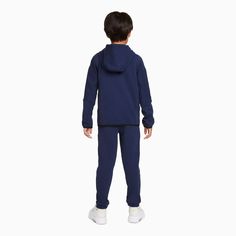 The Nike Sportswear Tech Fleece Set includes a cozy jacket and soft, matching pants for an easy everyday outfit. Benefits Nike Tech Fleece fabric offers the ultimate in lightweight warmth. The design is longer in the back for extra coverage. Cuffs stretch to help keep the fit in place. An elastic waistband stretches to give little ones a snug fit. Product Details Standard fit for a relaxed, easy feel 67% cotton/33% polyester Machine wash Color: Midnight Navy Style: 86H052-U90 Tech Fleece Outfit, Fleece Outfit, Nike Sportswear Tech Fleece, Kids Sportswear, Cozy Jacket, Navy Style, Nike Tech Fleece, Nike Tech, Matching Pants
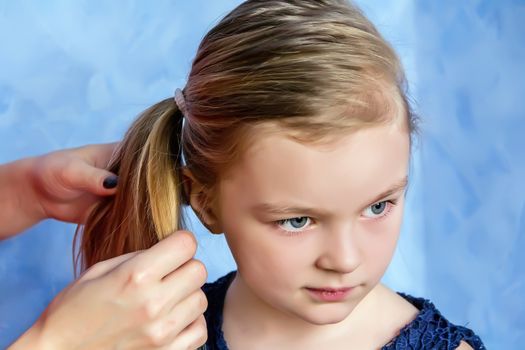 Mother makes hairstyle to daughter on blue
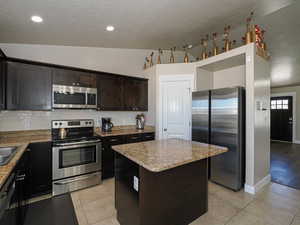 Kitchen with backsplash, light tile patterned floors, a kitchen island, and appliances with stainless steel finishes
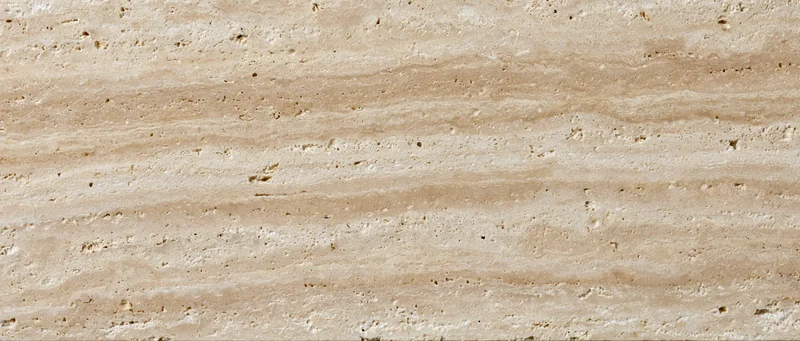 Close-up of polished travertine stone surface with natural veining and texture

+ + + +

Task details
Write out an exact reproduction of the lines from the line that holds "Kitchen with backsplash, light" to the bottom of the listing above, both ends included. Exclude pictures.

Answer
 Kitchen with backsplash, light tile patterned floors, a kitchen island, and appliances with stainless steel finishes
 Close-up of polished travertine stone surface with natural veining and texture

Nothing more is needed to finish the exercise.